On the other hand, as a technology related to the present invention, a glycol chitosan-diqualinium self-assembling polymer micelle, a preparation method and a use thereof are disclosed in Korean Patent No. 1720458, but the mitochondrial target type phosphonium glycol of the present invention There is no disclosure regarding self-assembled polymer micelles of chitosan derivatives, methods for preparing the same, and uses thereof.

The present invention was derived from the above requirements, and the present invention relates to a self-assembled polymer micelle of a mitochondrial target type phosphonium glycol chitosan derivative, a preparation method thereof, and a use thereof, and the phosphonium glycol chitosan derivative of the present invention (GC-TPP and GME-TPP) have almost no cytotoxicity, excellent migration into cells, and after being moved into cells, they specifically migrate to mitochondria, as well as hydrophobic drugs such as anticancer agents. By confirming that it can be easily mounted inside the micelle, the present invention was completed.

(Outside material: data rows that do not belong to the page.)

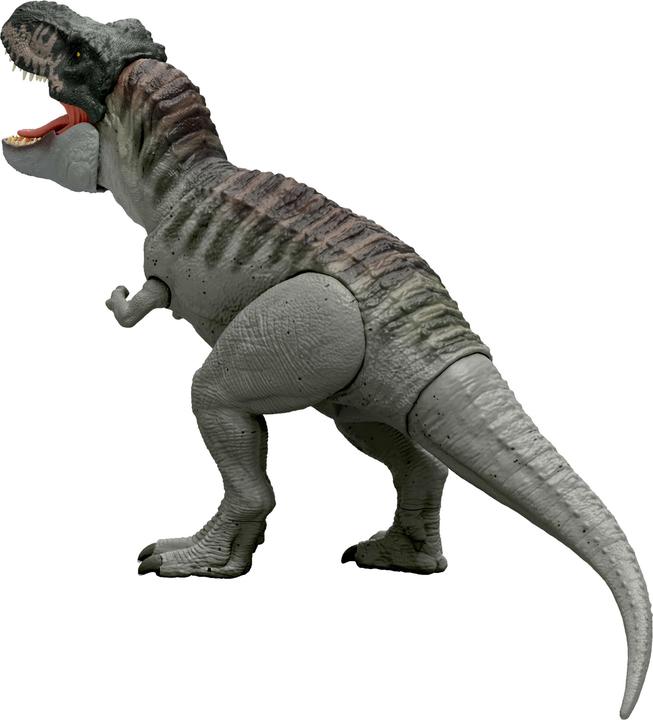 Produktbild Jurassic World Saga Feature T.Rex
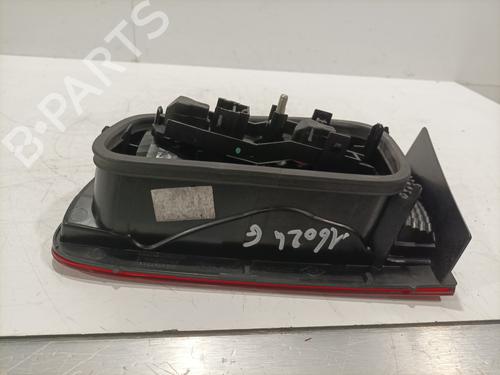 Left tailgate light RENAULT LAGUNA II (BG0/1_) 1.9 dCi (BG1A, BG1W, BG0G) | BP32449040C79 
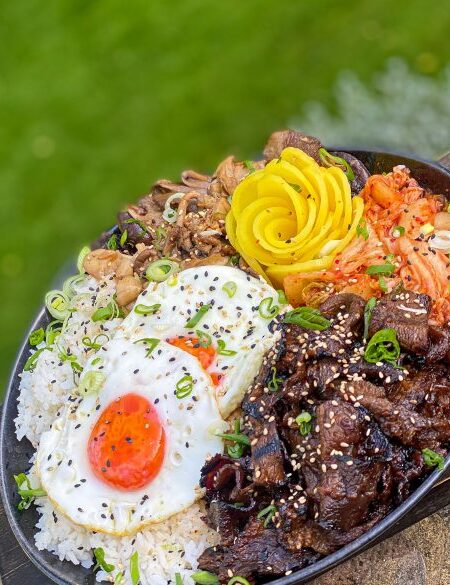 World Recipe ID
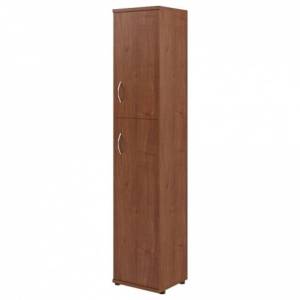 Шкаф книжный Skyland Imago 1217960, sk-01217960, СУ-1.8(R) Орех Французский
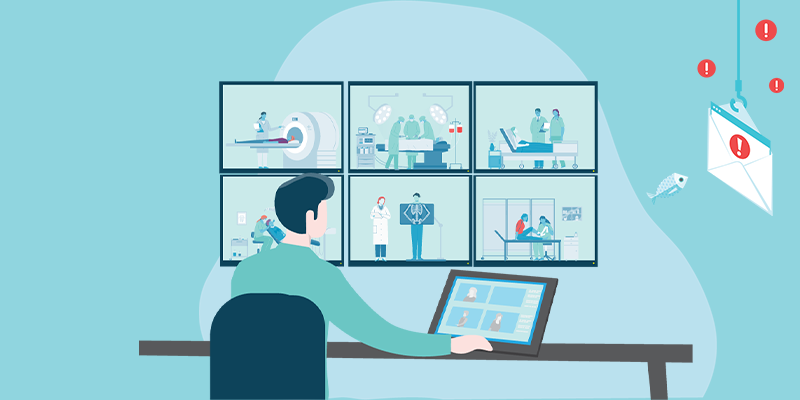 Cybersecurity, privacy & compliance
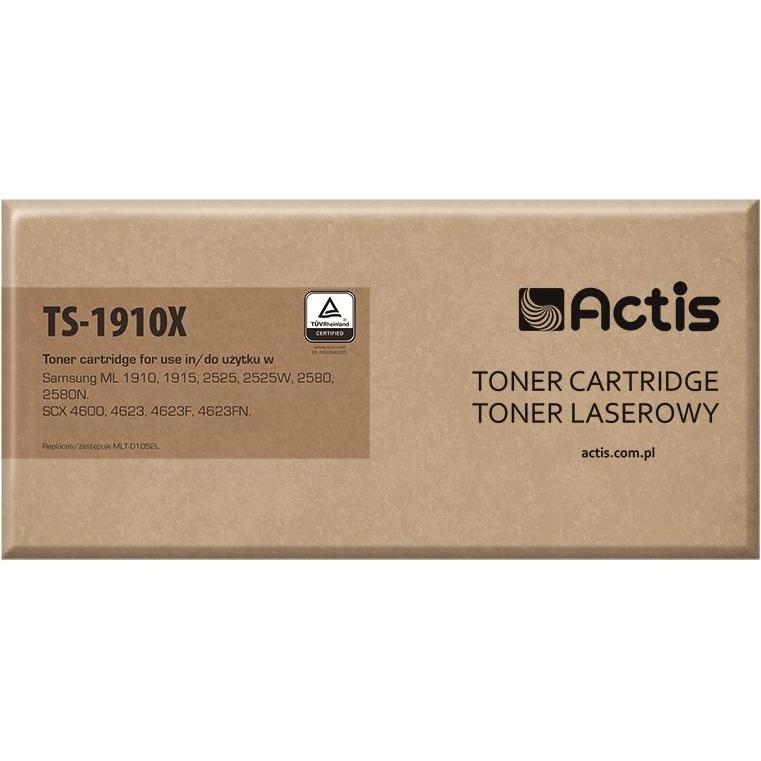 Factis, Toner, MLT-D1052L (BK)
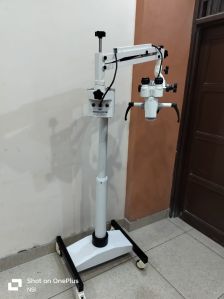 3 Step ENT Microscope
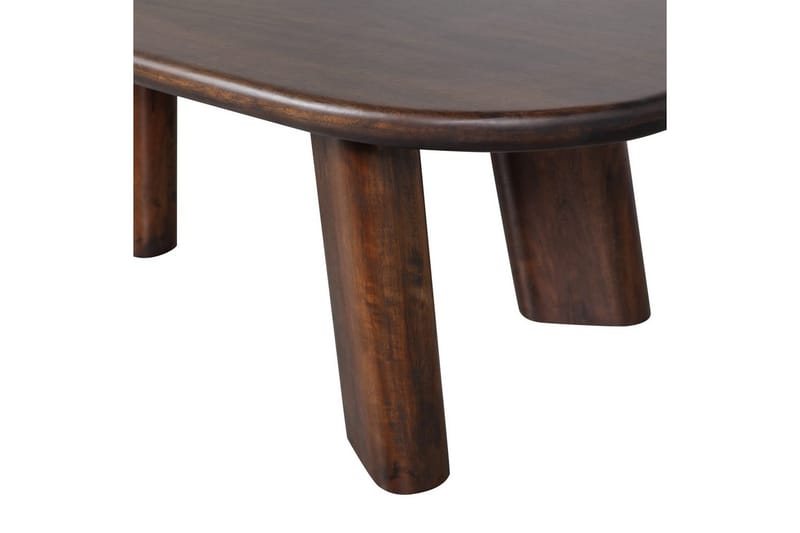 Kaffebord Roundly - Møbler - Borde - Sofabord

In order to achieve the above object, the present invention provides a polymer consisting of glycol chitosan or a derivative thereof; and triphenylphosphonium.

In addition, the present invention provides a micelle formed by self-assembly of a GC-TPP or GME-TPP polymer consisting of the glycol chitosan or a derivative thereof; and triphenylphosphonium.

In addition, the present invention provides a drug delivery system comprising micelles formed by self-assembly of the GC-TPP or GME-TPP polymer.

In addition, the present invention provides a pharmaceutical composition for preventing or treating cancer comprising the drug delivery system.

The present invention relates to a self-assembled polymer micelle of a mitochondrial-targeted phosphonium glycol chitosan derivative, a method for preparing the same, and a use thereof, and the drug delivery system of the present invention has no cytotoxicity, and is specifically mitochondrial after migration into the longitudinal direction. Since it has a characteristic of moving to, it can be usefully used for mitochondrial target drug delivery.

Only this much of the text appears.